→ **Material for the task**:

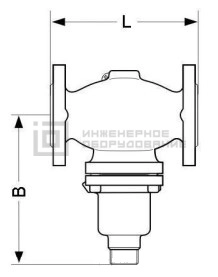 Габаритные размеры клапана VFG2 Danfoss Габаритные размеры клапана VFG2 Danfoss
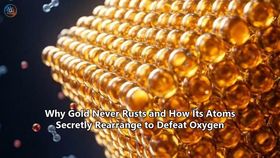 Why Gold Never Rusts and How Its Atoms Secretly Rearrange to Defeat Oxygen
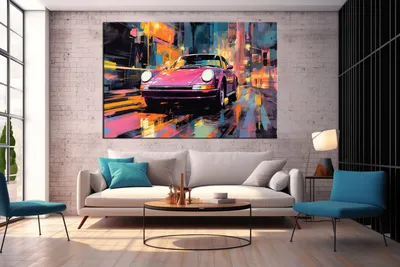 Leinwand-Bild Auto Porsche 911 Carrera Wandbild Automobil Bilder Dekoration  (166008582193) - купить на eBay.de (Германия) с доставкой в Украину |  Megazakaz.com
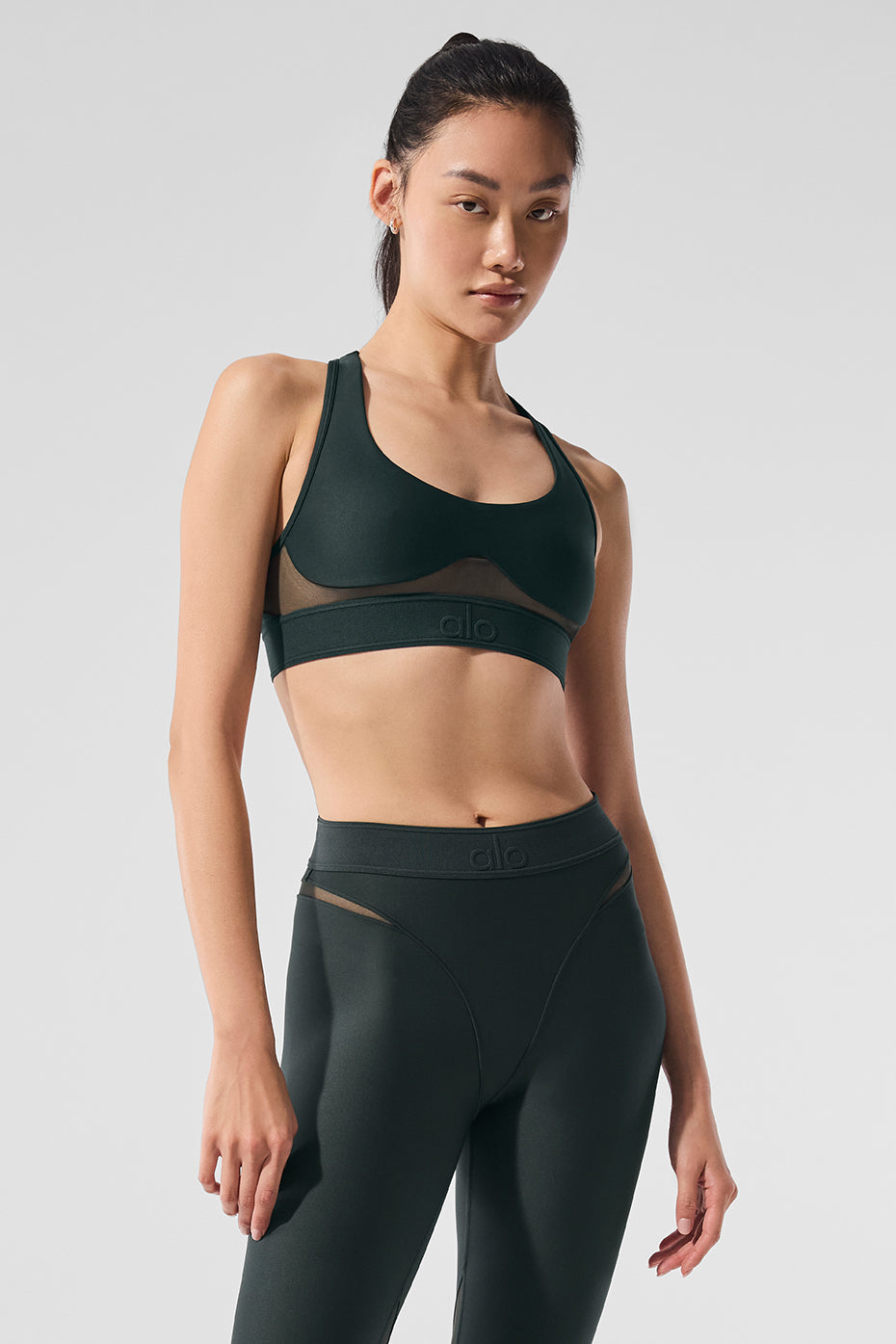 Airlift Rebel Bra - Charcoal Green--0
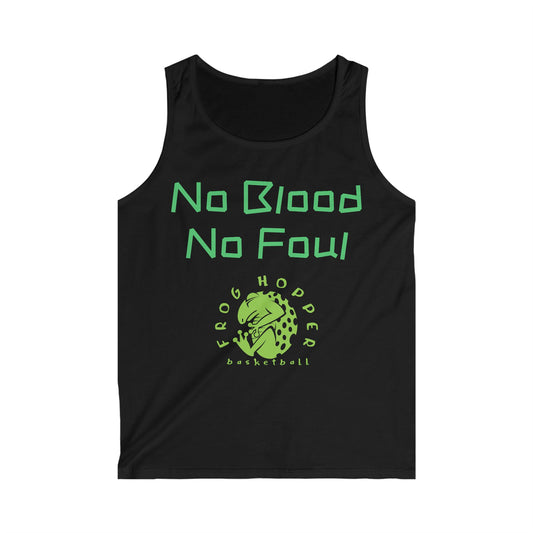 Frog Hopper Basketball 'No Blood No Foul' Tank Top — Men's Athletic Jersey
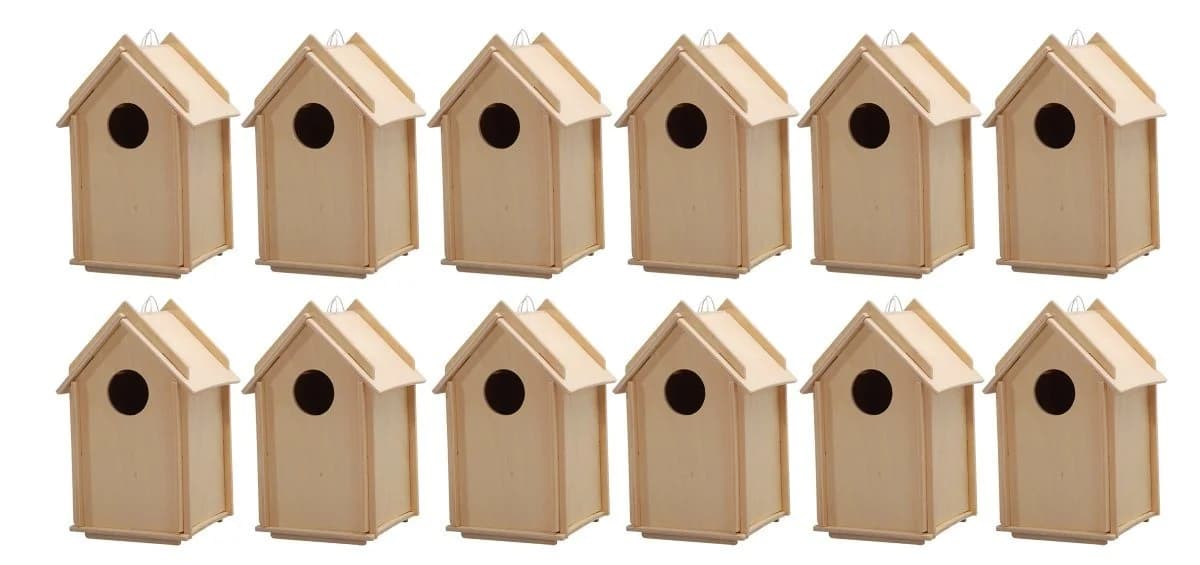 AVANTGARDE Vogelhaus, Set 12 Schichtholz - Bild 2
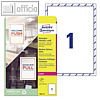 Hinterglas-Etiketten, 210 x 297 mm, abl?sbar, wei?, 10 St?ck, L9001-10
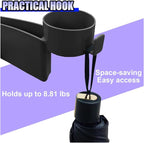 YoRise 2PCS Dual Slot Car Seat Gap Filler Organizer, Multifunctional Car Side Seat Gap Guard Spacer with Cup Holder, Universal Auto Storage Accessories for Preventing Items Falling Out (Black)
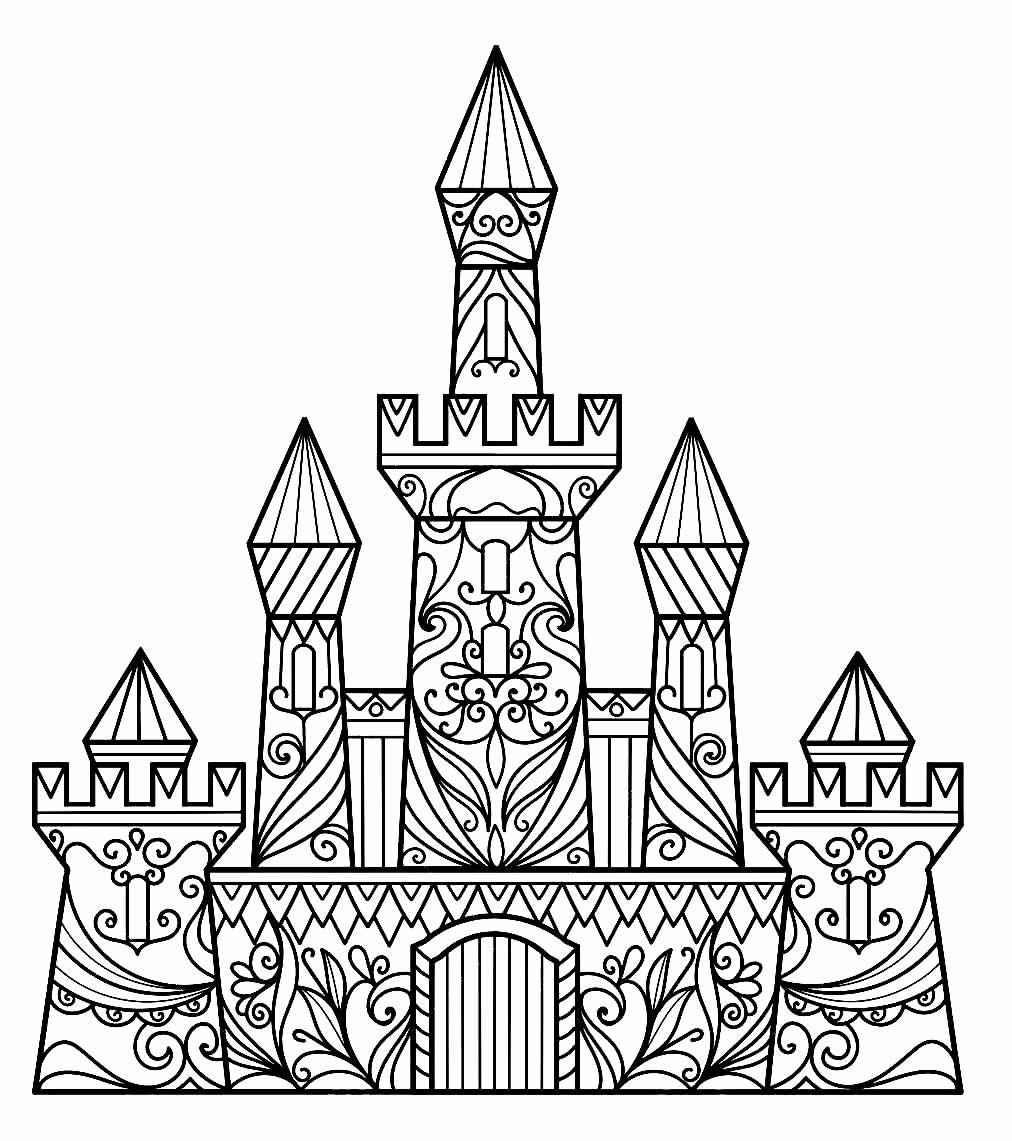 Desenho de Castelo Desenho Colorir Imprimir 11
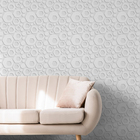 Adesivo De Parede Decorativo Geométrico Hexágono 3d Branco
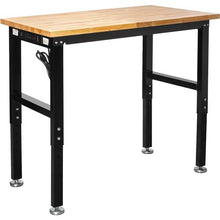 Load image into Gallery viewer, 4' Adjustable Heavy-Duty Workbench with Outlets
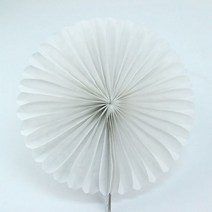 화이트 컬러 종이 랜턴 웨딩 베이비 샤워 생일 장식 꽃 공 공기 풍선 램프, 40CM, Paper fan W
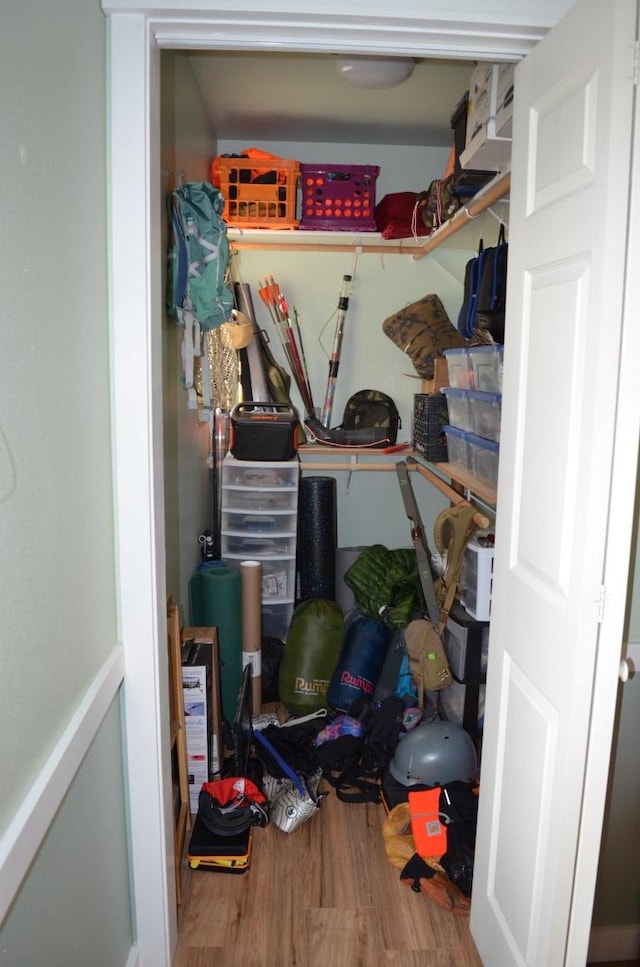 view of storage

→ **What you are asked to do**:
Copy the lines of the records, beginning where the line containing "Adesivo De Parede" appears and continuing through the final line, exactly and with no pictures.

→ **Solution to this task**:
 Adesivo De Parede Decorativo Geométrico Hexágono 3d Branco
 Load image into Gallery viewer, 4' Adjustable Heavy-Duty Workbench with Outlets
 화이트 컬러 종이 랜턴 웨딩 베이비 샤워 생일 장식 꽃 공 공기 풍선 램프, 40CM, Paper fan W
 view of storage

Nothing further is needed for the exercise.